I was doing some research first, and found this post
I don't know about that but here's something else to consider. When your compressor is switched off by the pressure controller it opens a valve that releases pressure from the head so that it can start more easily the next time. If you flip off the lever on that switch (assuming yours has one) it has the same effect.
I'm not sure but I believe that if you just kill power this won't happen so if you still have pressure on the head the next time you switch it on you will put a considerable bit of extra stress on the motor plus you'll probably pop the circuit breaker and of course that will give your wall switch an extra workout too.
Hopefully someone that knows more about it will chime in. :-)
Best Regards, Keith Marshall email@example.com
I will get a lot of flames on this but yes "I" would. make sure the outlet is also rated at 20AMP to keep the NEC fanatics at bay.
If you cycle the switch 10 - 15 times a week while the compressor is running then you might only get 2 - 3 years of life out of the switch. The most common failure (if it fails) will be... it won't run. the other failure mode, that might happen in 1 out 50000 switches is... it won't shut off. In that case unplg the compressor and replace the switch in the morning.
Find the beefiest switch you can find. My dad gave me his old 8" tablesaw with a 3/4 horse motor. He had wired a conventional switch inside a metal switchbox that was mounted on the saw (I guess the original had died). Anyway, I usually end up replacing the switch every few years since it gets fried and either wont turn on or wont turn off (about the same percentage). I use the red bodied "commercial" 20 amp switches from the Despot that cost about $3-$4 each. The saw is not used much but I'd guess maybe
500-1000 cycles between failures.
A compressor is usually 1 horse minimum so life will be shorter than what I have experienced (inductive motor loads are hell on switches). After saying that (and heeding the other advice about the compressor unloading) I'd say buy the switch that is rated for the highest current draw (at least 20 amps) and preferably has mercury wetted contacts.

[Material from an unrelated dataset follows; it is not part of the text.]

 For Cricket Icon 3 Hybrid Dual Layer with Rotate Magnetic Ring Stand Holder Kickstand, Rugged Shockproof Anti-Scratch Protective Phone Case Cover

Expect to replace it every few years if switching on a low power compressor daily.
How do you spell "never"?? The start surge on that thing is probably close to 50 A! If you just have to do this, wire the power straight in and add a magnetic starter...Griz has them, among others. But, it's a lot of money. Why not just leave it on? If you don't have leaks it doesn't matter. Mine's been on for years. I crack the drain valve to keep the condensate from accumulating, so it runs once or twice a day to keep the pressure up.
If you don't use it often, just leave it off and start it five minutes before you need it.
The other replies offer practical advice about the switch ratings and the unloader. As for the unloader you can get around that at worst if you switch off the compressor only after it has cycled off on its own.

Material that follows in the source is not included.